The World Health Organisation (WHO) released new guidance for governments looking for exit strategies beyond existing lockdown measures.
For many countries currently under lockdowns which have crippled or stalled economies, the answer of when and how to ease restrictions has not been easily answered or forthcoming.
“We understand that these countries are now trying to assess when and how to ease these measures,” said WHO Director-General Tedros Adhanom Ghebreyesus.
“The answer depends on what countries do while these wide measures are in place.”
Six criteria were identified in WHO’s guidance document to ensure that governments would be able to manage a controlled and deliberate transition from community transmission to a steady state of low level or no transmission.
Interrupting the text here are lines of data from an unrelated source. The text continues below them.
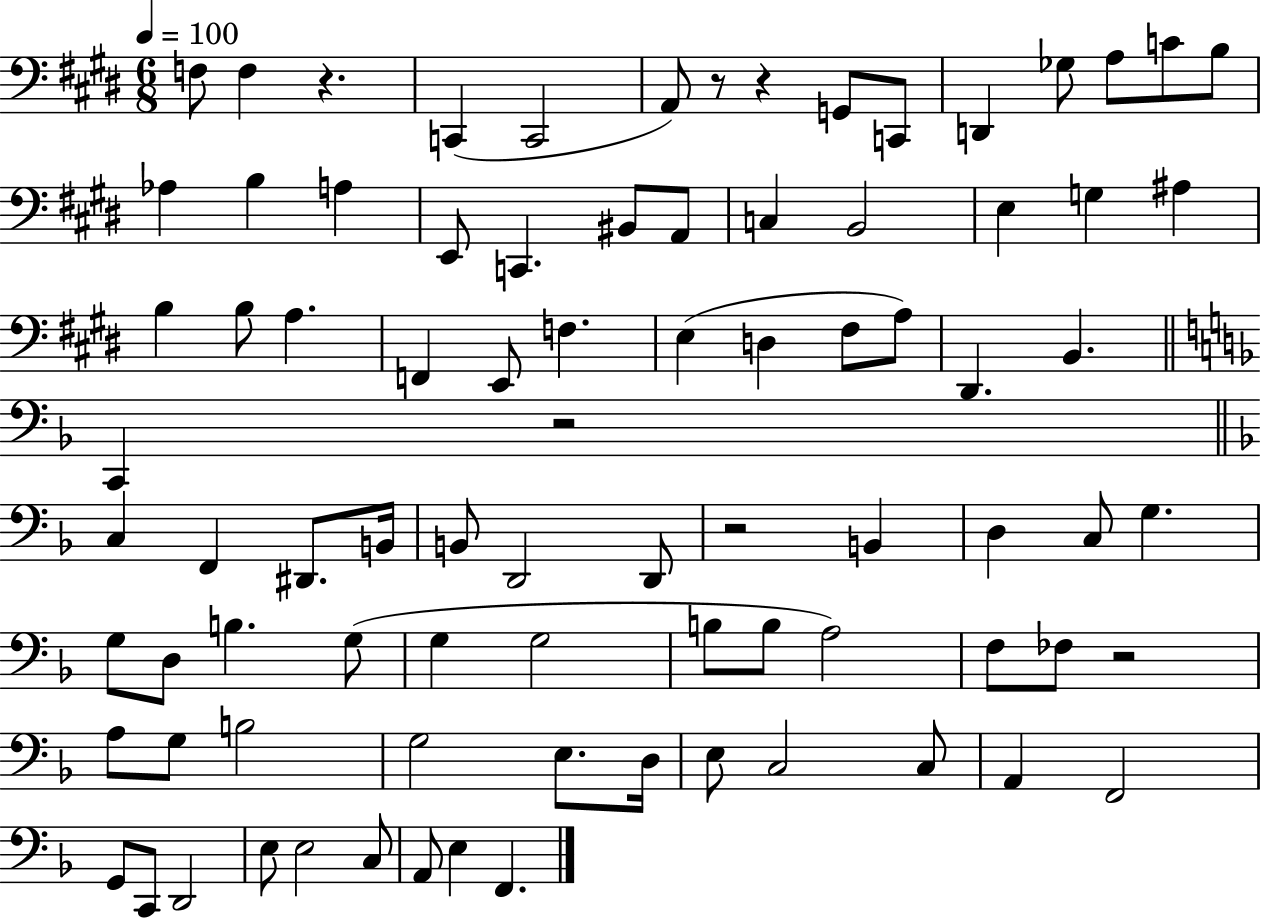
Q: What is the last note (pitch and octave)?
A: F2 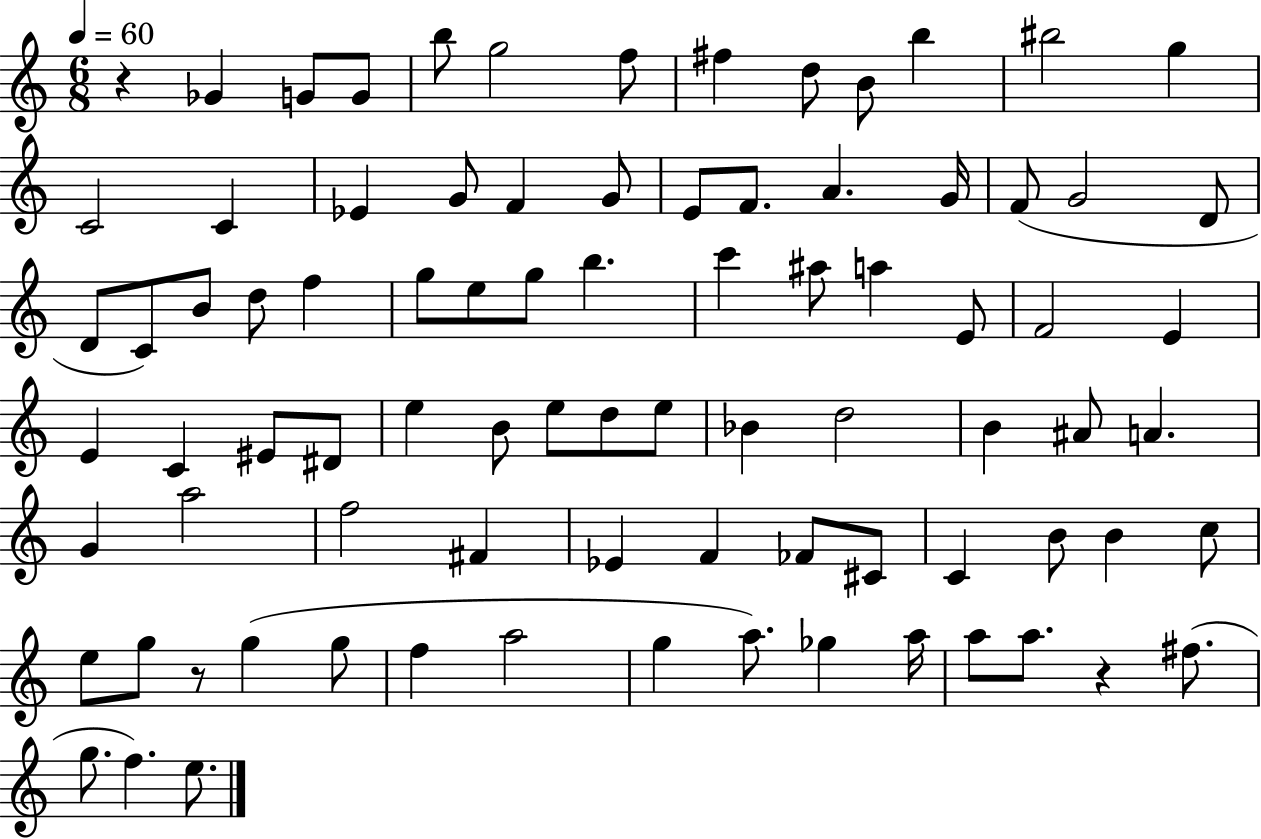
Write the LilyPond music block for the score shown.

{
  \clef treble
  \numericTimeSignature
  \time 6/8
  \key c \major
  \tempo 4 = 60
  r4 ges'4 g'8 g'8 | b''8 g''2 f''8 | fis''4 d''8 b'8 b''4 | bis''2 g''4 | \break c'2 c'4 | ees'4 g'8 f'4 g'8 | e'8 f'8. a'4. g'16 | f'8( g'2 d'8 | \break d'8 c'8) b'8 d''8 f''4 | g''8 e''8 g''8 b''4. | c'''4 ais''8 a''4 e'8 | f'2 e'4 | \break e'4 c'4 eis'8 dis'8 | e''4 b'8 e''8 d''8 e''8 | bes'4 d''2 | b'4 ais'8 a'4. | \break g'4 a''2 | f''2 fis'4 | ees'4 f'4 fes'8 cis'8 | c'4 b'8 b'4 c''8 | \break e''8 g''8 r8 g''4( g''8 | f''4 a''2 | g''4 a''8.) ges''4 a''16 | a''8 a''8. r4 fis''8.( | \break g''8. f''4.) e''8. | \bar "|."
}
Any government that wants to start lifting restrictions must first meet six conditions:
- Transmission of Covid-19 is under control
- Health systems and public health capacity are able to detect, test, isolate and quarantine every case and trace every contact
- Hot spot risks are minimized in highly vulnerable places, such as nursing homes
- Preventive measures such as physical distancing and hand washing in workplaces have been establised
- Controlled and managed risk of new import cases from travellers
- Populations are fully engaged, understand and empowered to live under a new state of “normality”
There must be a gradual process to prevent a cycle of new outbreaks.
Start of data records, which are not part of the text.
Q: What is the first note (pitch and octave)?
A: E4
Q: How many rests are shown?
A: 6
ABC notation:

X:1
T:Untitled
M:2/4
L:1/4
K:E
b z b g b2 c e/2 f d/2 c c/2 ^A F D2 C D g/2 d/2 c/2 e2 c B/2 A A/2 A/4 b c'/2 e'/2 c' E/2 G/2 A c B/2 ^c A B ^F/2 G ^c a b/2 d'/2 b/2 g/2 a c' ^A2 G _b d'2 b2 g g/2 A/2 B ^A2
“You can’t replace lockdowns with nothing,” said Dr. Mike Ryan, head of WHO’s emergencies programme. “We don’t want to lurch from lockdown to nothing to lockdown to nothing.”
“We need to have a much more stable exit strategy that allows us to move carefully and persistently away from lockdown.”
WHO has said that in most countries, it is too soon to get back to normal. Ending lockdowns prematurely in an attempt to restart economies could result in the reemergence of infections.
There are currently more than 2 million cases of Covid-19 worldwide and more than 130,000 people have already died.